* **Work task**
The pictures get dropped, while every remaining part of the listing is copied exactly.

* **Dataset extract**

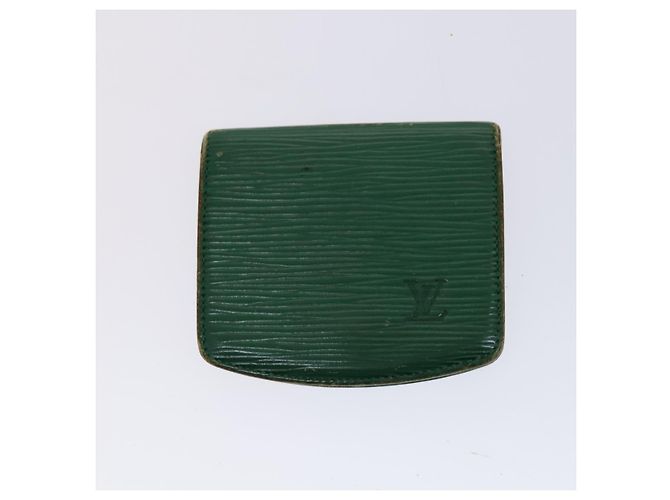 LOUIS VUITTON Portafoglio Epi 4Set Verde Rosso Giallo LV Auth BA640 - vista 18
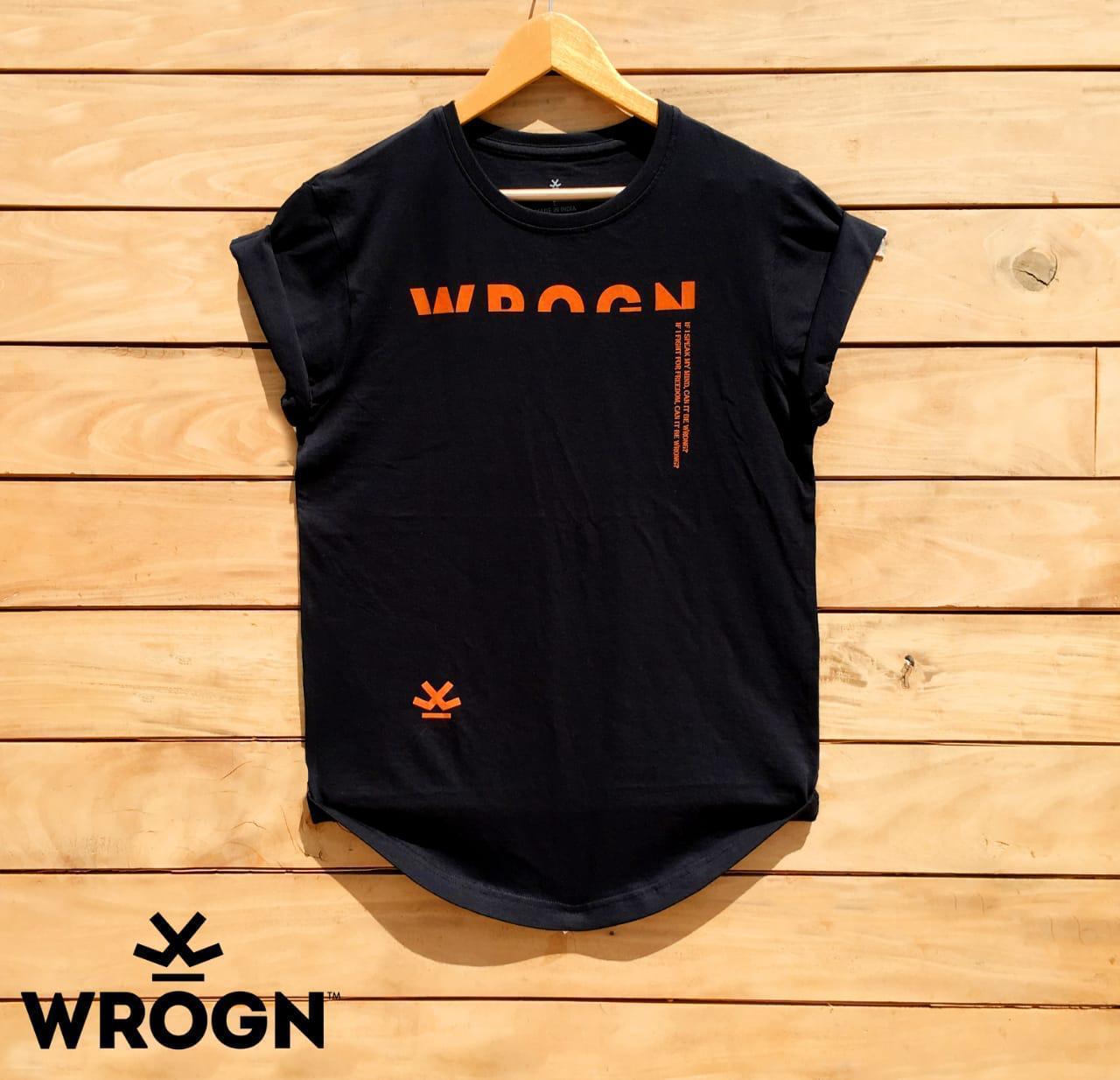 WRN Men's Round  Neck  T-Shirt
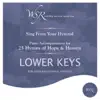 25 Hymns of Hope & Heaven (Lower Keys) [Piano Accompaniment] album lyrics, reviews, download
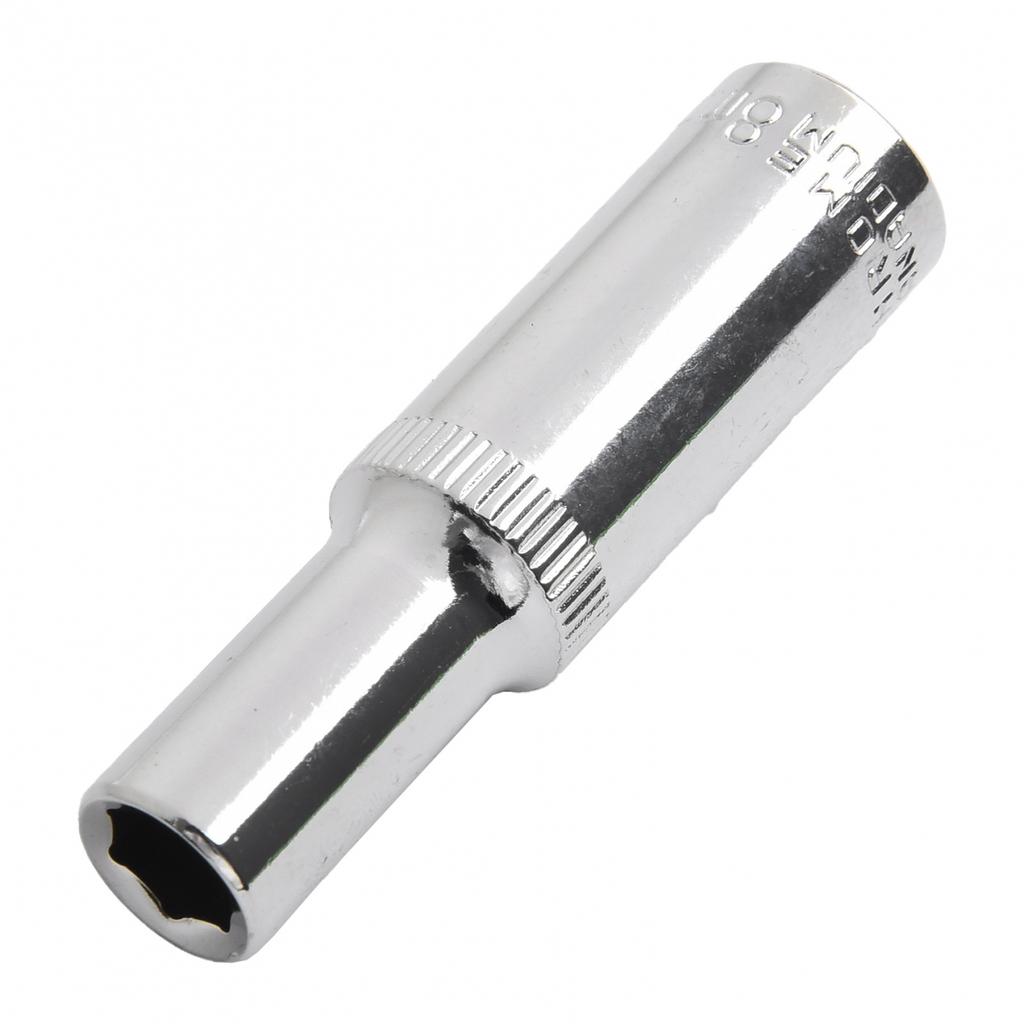 Tiefe Stecknuss Steckschlüssel Schlüsselköpfe 3/8 Zoll 8-24mm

* **Answer to the exercise**
 LOUIS VUITTON Portafoglio Epi 4Set Verde Rosso Giallo LV Auth BA640 - vista 18
 WRN Men's Round  Neck  T-Shirt
 25 Hymns of Hope & Heaven (Lower Keys) [Piano Accompaniment] album lyrics, reviews, download
 Tiefe Stecknuss Steckschlüssel Schlüsselköpfe 3/8 Zoll 8-24mm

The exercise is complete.